RFR: 8321156: Improve the handling of invalid UTF-8 byte sequences for ZipInputStream::getNextEntry and ZipFile::getComment [v2]

Lance Andersen lancea at openjdk.org
Sat Feb 24 18:54:09 UTC 2024


On Sat, 24 Feb 2024 16:57:50 GMT, Eirik Bjørsnøs <eirbjo at openjdk.org> wrote:

>> Lance Andersen has updated the pull request incrementally with one additional commit since the last revision:
>> 
>>   Updates based on 1st round of feedback
>
> src/java.base/share/classes/java/util/zip/ZipFile.java line 331:
> 
>> 329:             try {
>> 330:                 return res.zsrc.zc.toString(res.zsrc.comment);
>> 331:             } catch(IllegalArgumentException iae) {
> 
> Suggestion:
> 
>             } catch (IllegalArgumentException iae) {

fixed

> src/java.base/share/classes/java/util/zip/ZipInputStream.java line 526:
> 
>> 524:             throw  (ZipException) new ZipException(
>> 525:                     "invalid LOC header (bad entry name)").initCause(ex);
>> 526:         }
> 
> There is a lot going on here:
> 
> * The creation of a ZipEntry
> * The interpretation of the general purpose bit flag
> * The split to call either a static or non-static toString depending on the flag interpretation
> * The exception handling, including the somewhat unusual initCause and cast
> 
> The comment at 517 seems even more detached from the logic it tries to describe after this change.
> 
> Perhaps we could benefit from introducing a `zipCoderFromFlag(int flag)` method, similar to that in ZipFile?
> 
> This would allow the section to be rewritten to something that hide the flag parsing details, leaves us with a single (polymorphic) toString invocation and extracts `createZipEntry` from the try/catch scope. 
> 
> Something like this: (I also changed the exception handling here, that's a bit orthogonal to the main points above)
> 
> Suggestion:
> 
>         String name;
>         try {
>             name = zipCoderForFlag(flag).toString(b, len);
>         } catch (IllegalArgumentException ex) {
>             ZipException e = new ZipException("invalid LOC header (bad entry name)");
>             e.initCause(ex);
>             throw e;
>         }
>         ZipEntry e = createZipEntry(name);

I believe you meant `ZipCoderFromPos(int flag)`.  I don't think it is needed in ZipInputStream but I did move the call to createZipEntry out of the try block per your suggestion

> test/jdk/java/util/zip/ZipFile/InvalidBytesInEntryNameOrComment.java line 49:
> 
>> 47:  * @summary Validate that a ZipException is thrown when opening a ZIP file via
>> 48:  * ZipFile, traversing a Zip File via ZipInputStream, with invalid UTF-8
>> 49:  * byte sequences in the name or comment fields fails with ZipException.
> 
> The leading summary sentence needs a cleanup. Here's one suggestion:
> 
> Suggestion:
> 
>  * @summary Validate that a ZipException is thrown when a ZIP file with 
>  * invalid UTF-8 byte sequences in the name or comment fields is opened via
>  * ZipFile or traversed via ZipInputStream.

Updated

> test/jdk/java/util/zip/ZipFile/InvalidBytesInEntryNameOrComment.java line 60:
> 
>> 58:     private static final byte[] INVALID_UTF8_BYTE_SEQUENCE = {(byte) 0xF0, (byte) 0xA4, (byte) 0xAD};
>> 59:     // Expected error message when an invalid entry name or entry comment is
>> 60:     // encountered when accessing a CEN Header
> 
> This two-line comment could benefit from an earlier line break.

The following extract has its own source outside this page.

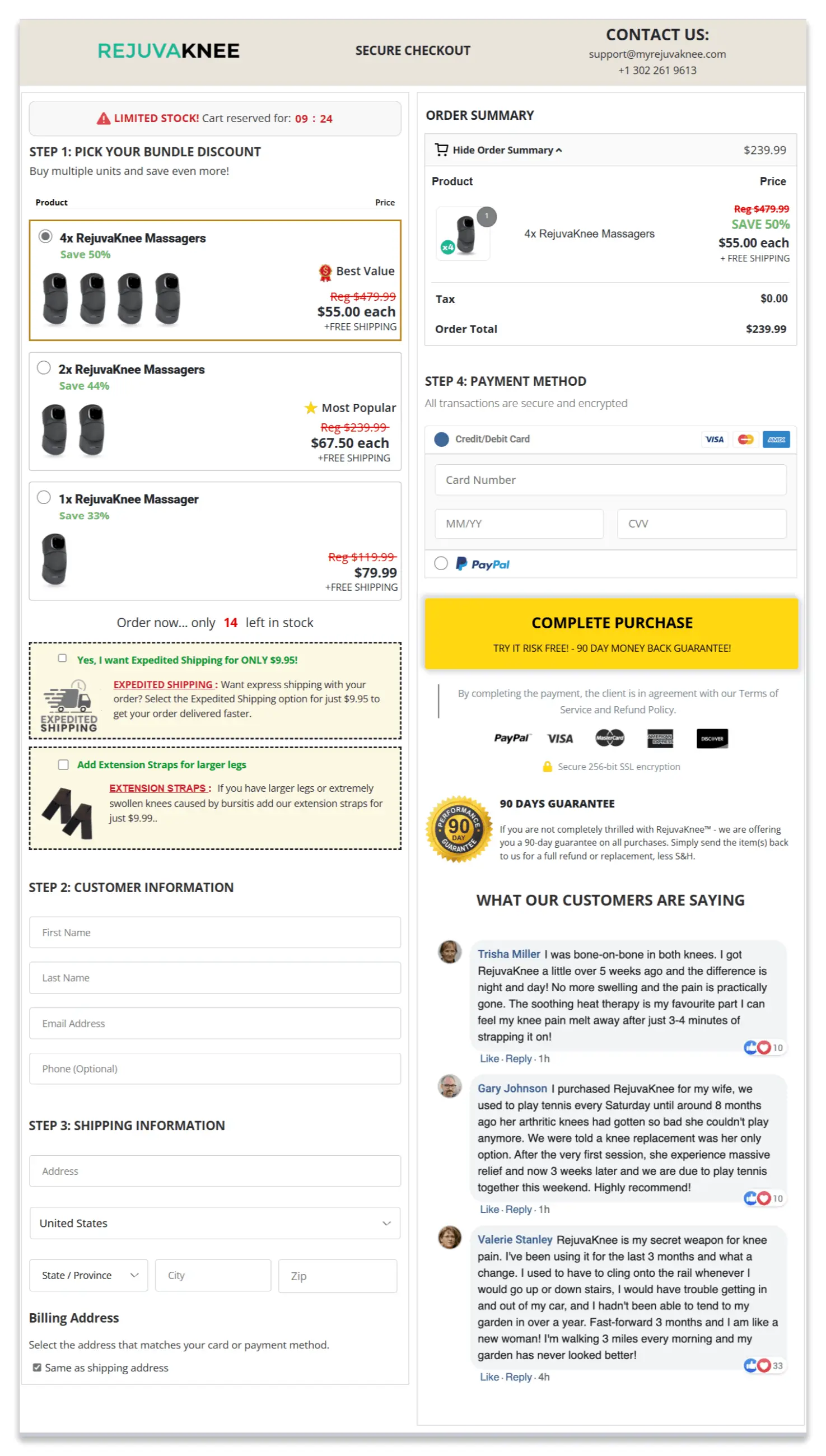 RejuvaKnee secure checkout page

The break makes sense as is in IntelliJ, so please clarify

> test/jdk/java/util/zip/ZipFile/InvalidBytesInEntryNameOrComment.java line 64:
> 
>> 62: 
>> 63:     // Expected error message when an invalid entry name is encountered when
>> 64:     // accessing a LOC Header
> 
> This two-line comment could benefit from an earlier line break.

Same comment as above

> test/jdk/java/util/zip/ZipFile/InvalidBytesInEntryNameOrComment.java line 65:
> 
>> 63:     // Expected error message when an invalid entry name is encountered when
>> 64:     // accessing a LOC Header
>> 65:     private static final String LOC_BAD_ENTRY_NAME_OR_COMMENT = "invalid LOC header (bad entry name)";
> 
> Should this be renamed `LOC_BAD_ENTRY_NAME`?

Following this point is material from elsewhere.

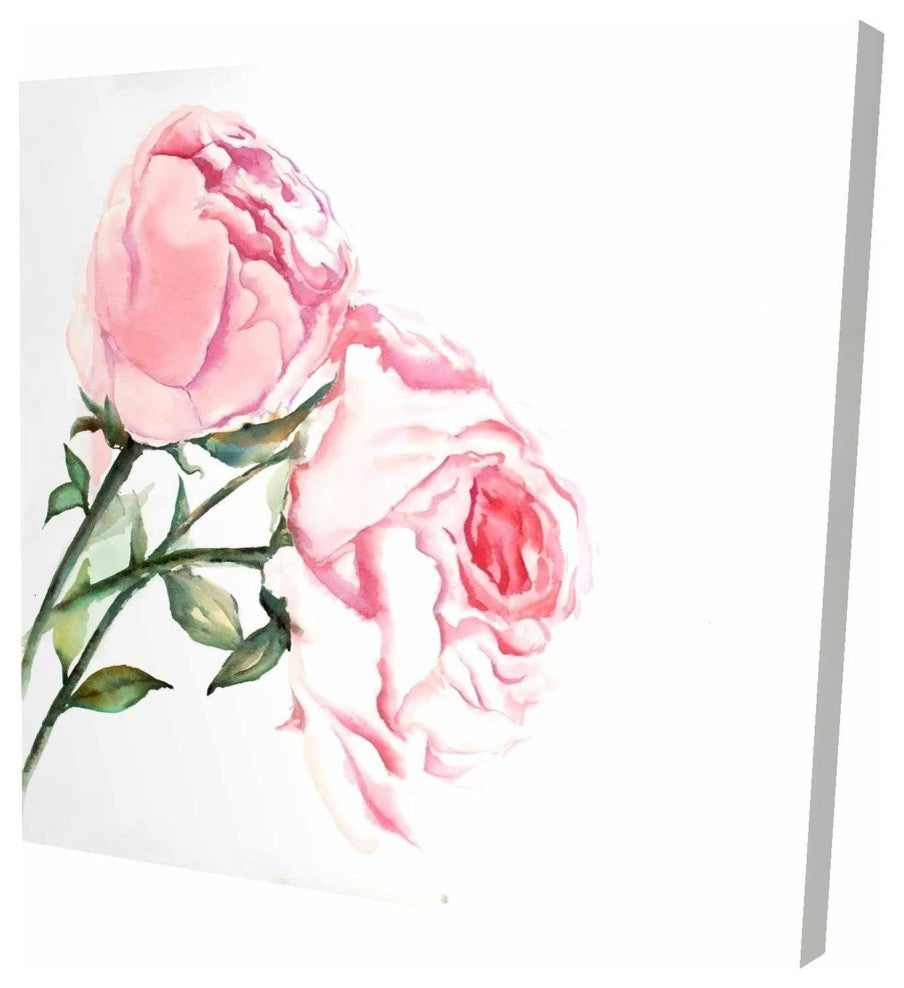 Watercolor Pink Roses, Fine Art Gallery Wrapped Canvas, 24"x24"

Yep, I thought I made that change but must have just thought about it and never went back to it

> test/jdk/java/util/zip/ZipFile/InvalidBytesInEntryNameOrComment.java line 128:
> 
>> 126:      * 0x93: Comment     :   [ZipFileComment]
>> 127:      */
>> 128:     public static byte[] VALID_ZIP = {
> 
> I see this byte array encoding of ZIP files is a pattern used across tests. My preference would be to encode this in Base64 or hex, since that would make the consumption by external command line tools easier and the encoded representation somewhat prettier. But no big deal, this might just come down to personal preference. (This isn't human readable anyhow for the normal definition of "human" :)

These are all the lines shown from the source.